ML_Masters_Proposal-Midterm

Final Project Report

By Christine Yewon Kim, Mahika Raj, Devanshi Sood, Joseph C Miao, and Song Yue David Li

Link to GitHub code: https://github.gatech.edu/mraj39/ML_Masters

Literature/Introduction/Background

In the midst of Vision and Language Navigation innovation, AerialVLN was proposed, a UAV-based VLN task for outdoor environments specifically taking into consideration aerial actions as aerial navigation is significantly more complicated than ground-based VLN [1]. However, as energy awareness is not widely discussed in VLN, the typical path-length objective of existing approaches does not directly minimize energy consumption, nor allows constraining the energy of individual paths by battery capacity [2]. We will utilize a combination of Supervised Learning and Reinforcement Learning to better consider energy, building on top of their implementation.

Dataset Description This Dataset includes AerialVLN and AerialVLN-S annotated images for training and evaluation, a total of 32.4GB.

Why These Dataset(s)

AerialVLN was selected because it is the only large scale outdoor aerial VLN dataset available. Its long flight paths and complex city level environments make fuel constraints a realistic and meaningful addition to the task. Without a dataset of this scale and complexity, testing energy aware navigation would not be possible.
Why AerialVLN-S For most of our experiments we use AerialVLN-S since the shorter average path length makes training more computationally feasible while still capturing the core challenges of the task. It also has more evenly distributed path lengths which makes evaluation more consistent.

Overview

Total size: 32.4GB
Built using AirSim simulator on Unreal Engine 4
25 city level environments (cities, factories, parks, villages)
870+ different object types
Supports dynamic weather (sun, rain, snow, fog) and lighting (morning, noon, night)

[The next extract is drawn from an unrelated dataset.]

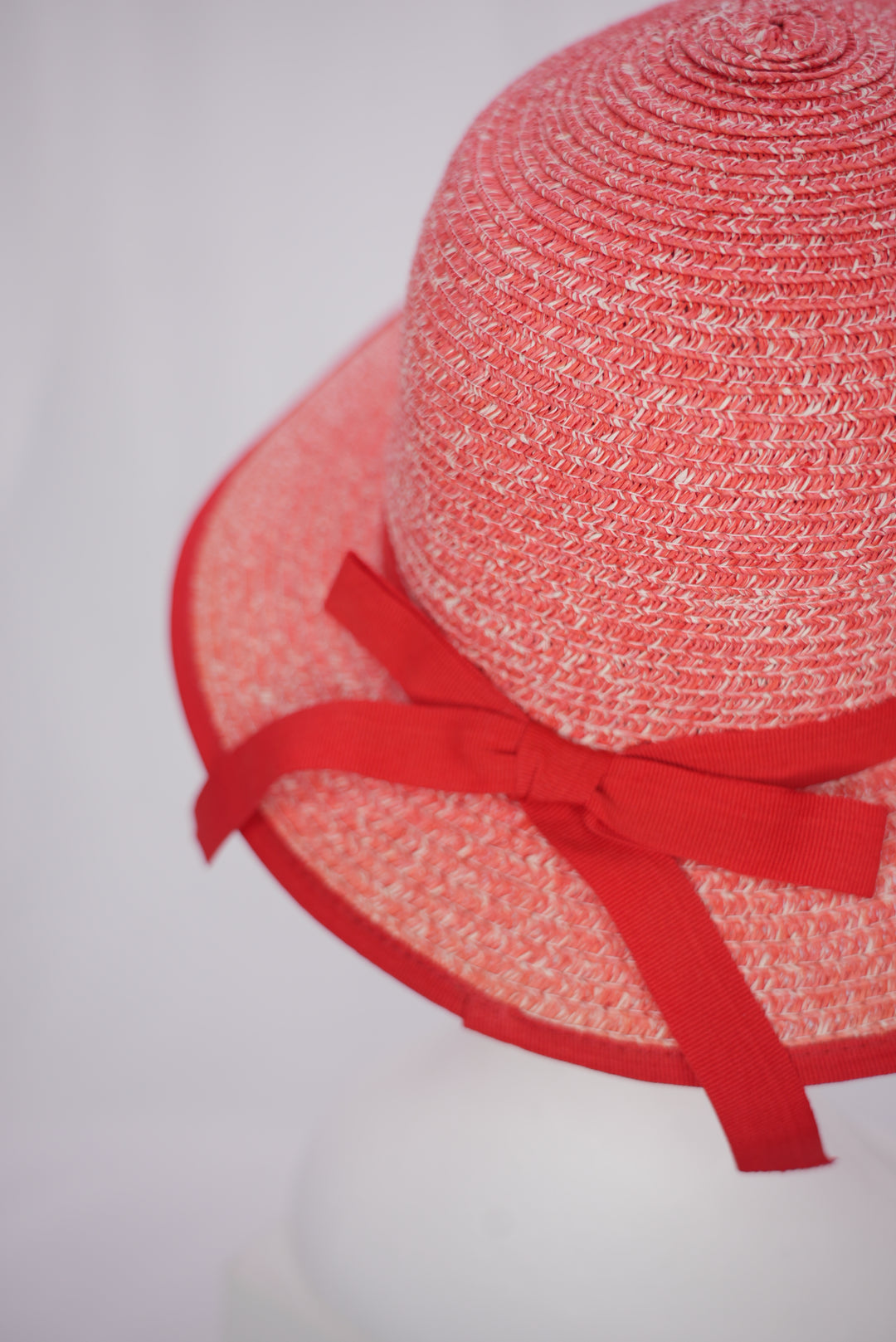 Paper-Hut "rot mit Schleife "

recorded by AOPA licensed human UAV pilots to ensure realistic and high quality flight trajectories. Each path is paired with 3 instructions written by Amazon Mechanical Turk workers, giving the dataset a wide variety of ways to describe the same flight.

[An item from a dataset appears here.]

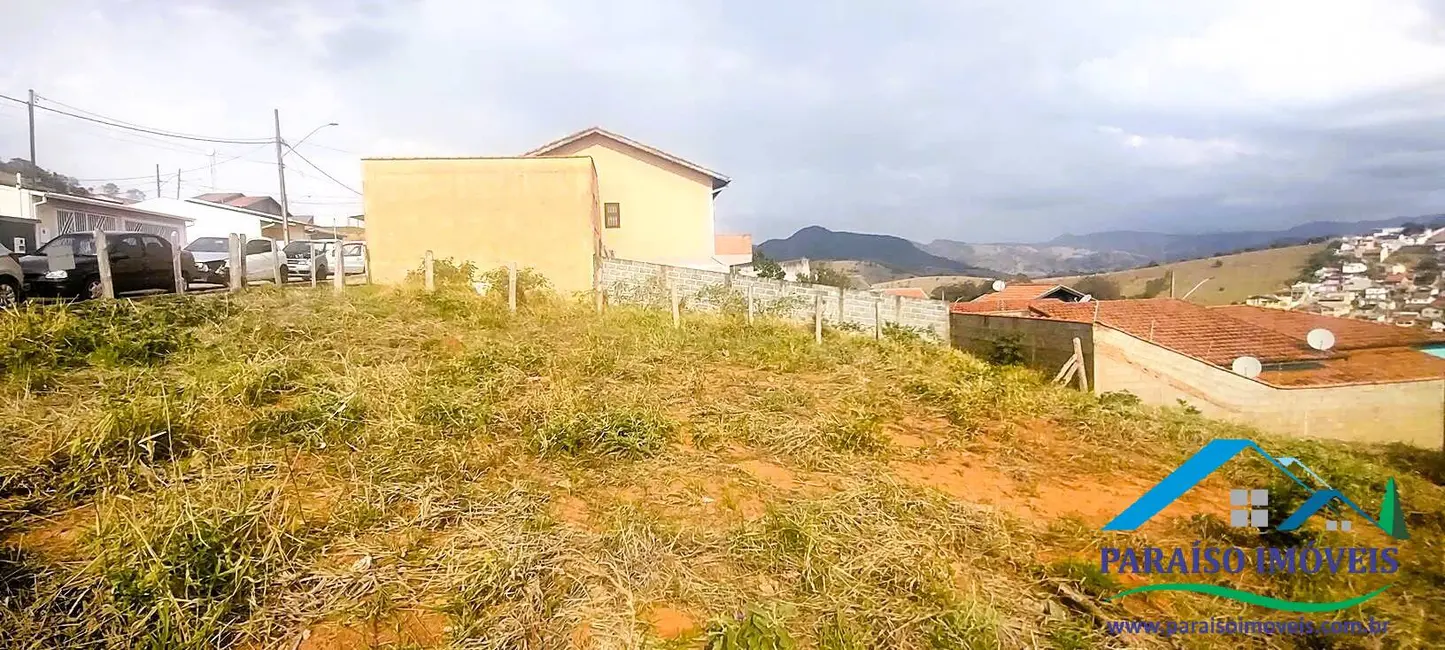 Foto 2 de Terreno / Lote à venda, 8m2 em Centro, Paraisopolis - MG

Each Flight Data Set Contains

Natural language instructions describing landmarks and directional cues
Flight trajectory as a sequence of 9 discrete actions: Move Forward, Turn Left, Turn Right, Ascend, Descend, Move Left, Move Right, Stop, and the initial starting pose
RGB and depth images from a front facing camera at every step (depth range up to 100m)
Semantic segmentation data available for future use

Our Addition: Fuel Constraints - On top of the standard dataset, our preprocessing pipeline adds a fuel fraction at every step of every flight:

Ranges from 1.0 (full tank) to 0.0 (empty)
Computed dynamically during preprocessing
Fed into the FuelGateModule during training
Forces the model to adjust its behavior based on remaining battery level
This addition is unique to our work and is not part of the original AerialVLN dataset

Dataset Linkzx: https://github.com/AirVLN/AirVLN

Problem: With the new constraints, specifically fuel capacity and limits, we focus on aerial navigation in the sky, UAV-based and aimed towards outdoor environments.

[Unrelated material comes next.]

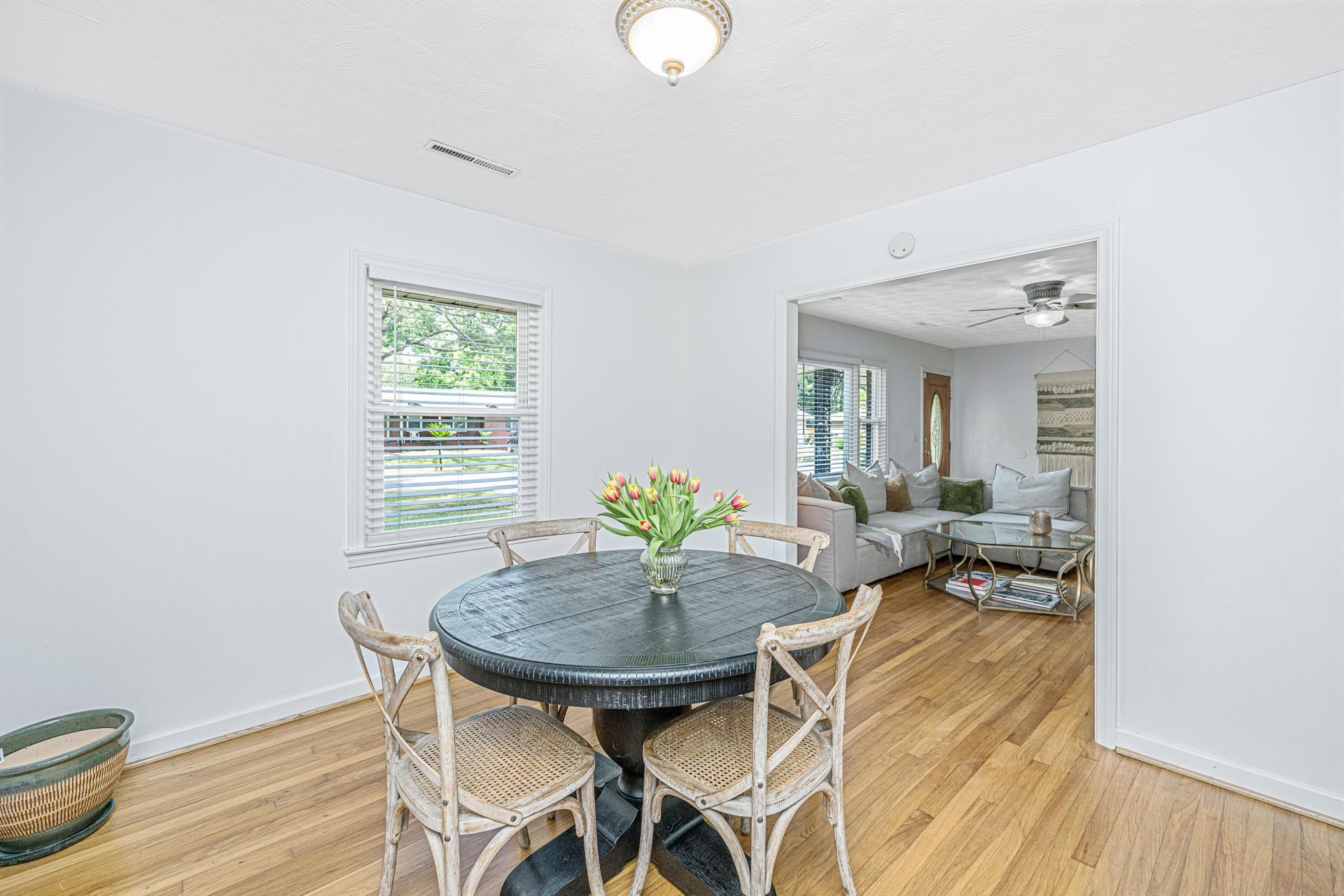 1400 W Lenevar Drive Photo 10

First step of our goal is to implement fuel constraints on our first method, Teacher Forcing, and to compare the performance of simulation without fuel constraints. This method is primarily going to be used as a baseline.

Motivation: Many existing VLN tasks are built for agents that navigate on the ground, either indoors or outdoors. However, some tasks require intelligent agents to operate in the sky, such as UAV-based goods delivery, traffic/security patrol, and scenery tours [1]. Most importantly, aerial navigation is a field with much work to be done.

Methods

Data Preprocessing Methods: The preprocessing converts the raw simulation data from the AirSim environment into a high-dimensional feature space. We distinguish between the baseline architectural encoding provided by AirVLN and our novel Fuel-Aware state implementation.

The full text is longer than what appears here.